C’est à un jeu de chiffonniers que s’adonnent le régime en place et l’opposition autour du dialogue politique. Si le premier pense avoir amorcé le processus, le second estime que rien n’est fait, car la forme et le mécanisme proposés ne lui conviennent guère.
Le gouvernement chante sur tous les toits qu’il a amorcé le dialogue politique avec l’ensemble des parties prenantes. En cela, le Premier ministre, les ministres chargés des Réformes et du Dialogue social et son collègue de l’Administration territoriale font feu de tout bois sous les projecteurs. Ils rencontrent toute sorte de personne, sauf les vrais acteurs politiques. De toutes les rencontres à la Primature, force est de reconnaître qu’il n’y avait personne de représentatif autour de Boubou Cissé. Ce sont des individus à la tête de microorganismes politiques qui ont échangé avec le Premier ministre. C’est le cas aussi avec le ministre Amadou Thiam.
Le gouvernement va jusqu’à désigner des personnalités devant conduire ce dialogue. Seulement, les vrais acteurs observent cette scène avec dédain. Parce qu’ils savent que le gouvernement veut juste donner l’impression au monde qu’il a apaisé le climat politique et que les réformes demandées par la communauté internationale vont pouvoir être mises en œuvre.
L’opposition, de son côté, pense que le format proposé par le gouvernement n’est pas le bon. Elle parle surtout de dialogue politique inclusif qui suppose la mise en place d’un gouvernement d’union nationale à la suite. Du docteur Oumar Mariko à Aliou Boubacar Diallo en passant par Choguel K. Maïga ou Soumaïla Cissé, c’est le même langage. La semaine dernière, lors d’une conférence de presse du Front pour la sauvegarde de la démocratie, Soumaïla Cissé a réaffirmé cette position. «Nous réitérons cette exigence d’un dialogue national inclusif. Notre rôle au regard de la responsabilité et la confiance du peuple nous impose des compromis, mais pas de compromissions. Ce, pour le respect de nos partenaires politiques et dans l’intérêt du peuple malien», a souligné le patron dudit front.

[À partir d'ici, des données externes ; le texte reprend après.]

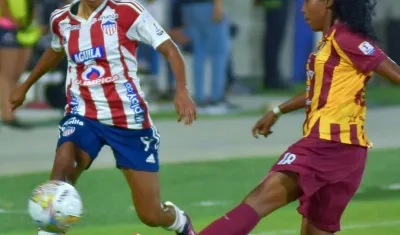Karina Valencia, de las Tiburonas, en una acción del juego contra Tolima. 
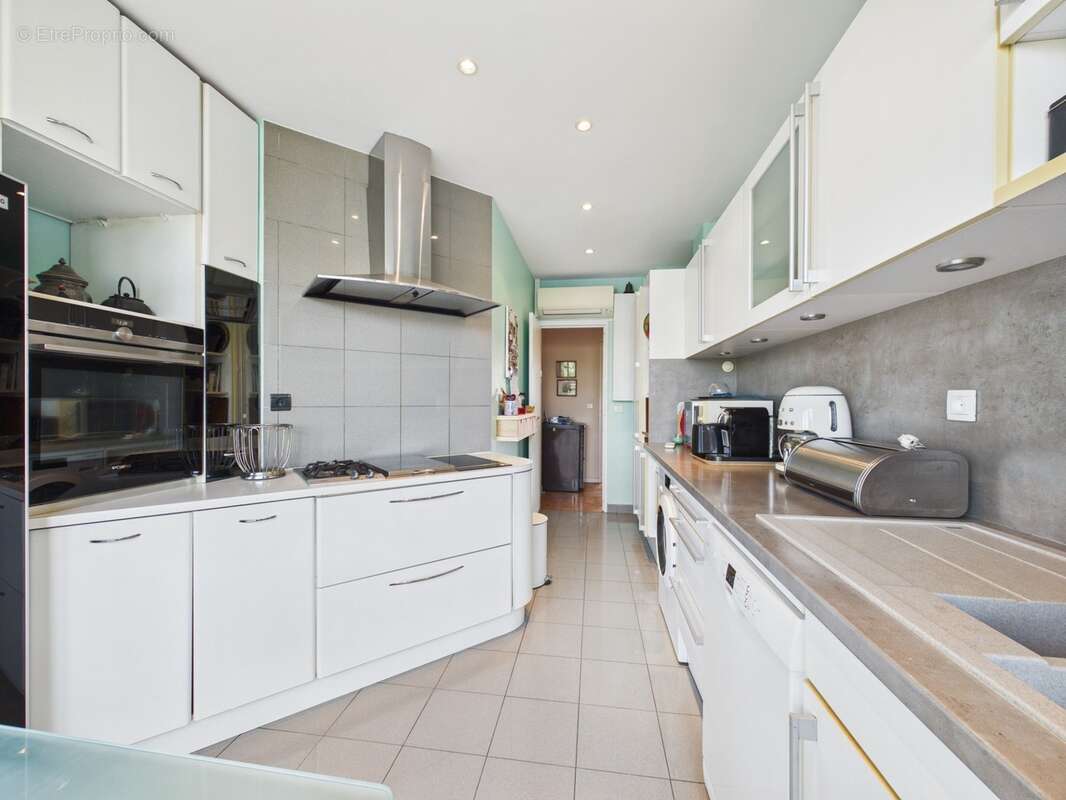 À vendre Appartement T5 de 150 m² au dernier étage avec terrasse à Saint-Giniez MARSEILLE 8E ARRONDISSEMENT - photo 7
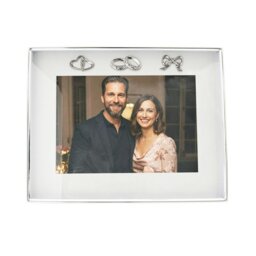 Rackhams Modern Wedding Picture Frame in Silver Plating with Rings and Hearts - thumbnail 3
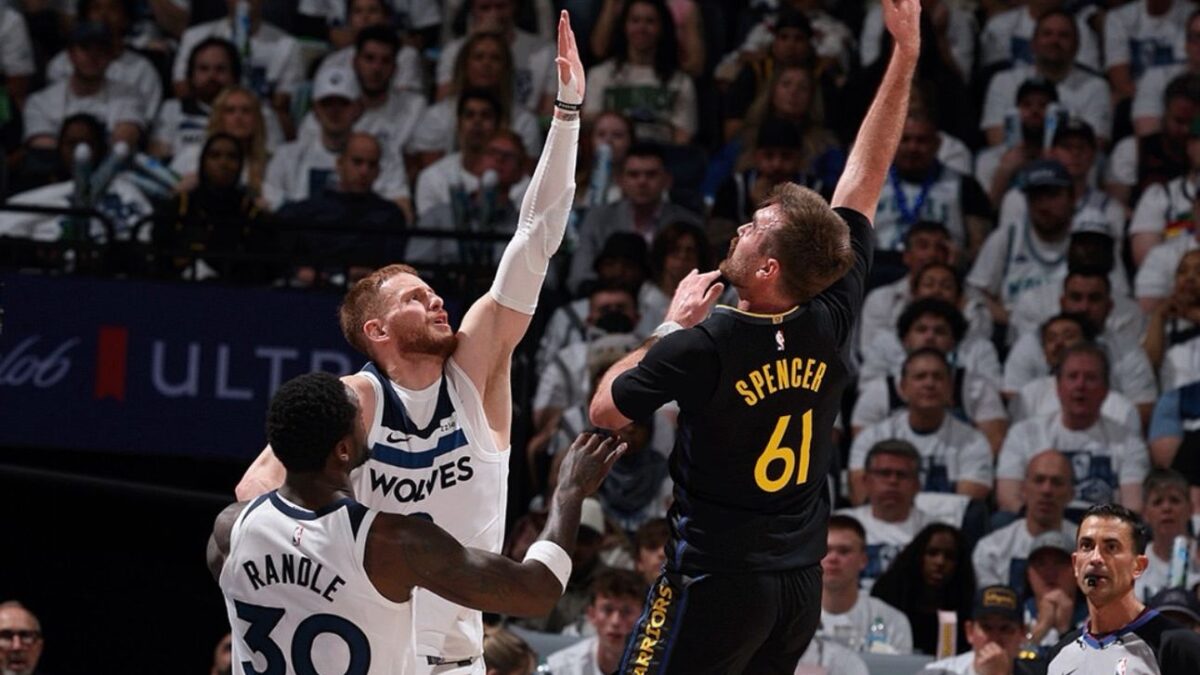 Warriors vencem Wolves e abre vantagem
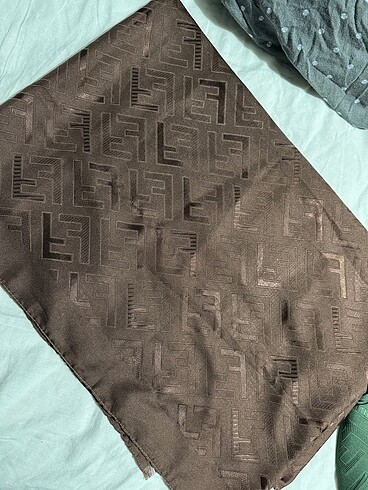 Az kullanılmış fendi şal - Görsel 3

Selon lui, le gouvernement n’est pas sincère dans l’organisation du débat national inclusif. Le chef de file de l’opposition estime qu’il y a deux faits majeurs qui corroborent leur hypothèse à savoir : l’initiative illégale de la commission lois de l’Assemblée nationale qui a organisé des écoutes en usurpant les prérogatives d’une éventuelle commission spéciale qui, aux termes du Règlement intérieur du Parlement, est présidée par un député de l’opposition. S’y ajoute la désignation unilatérale par le président de la République des personnalités chargées de conduire le processus du dialogue politique inclusif et du président du Comité d’organisation, au mépris de toutes les mesures d’inclusivité et de l’esprit des discussions avec le chef de file de l’opposition politique.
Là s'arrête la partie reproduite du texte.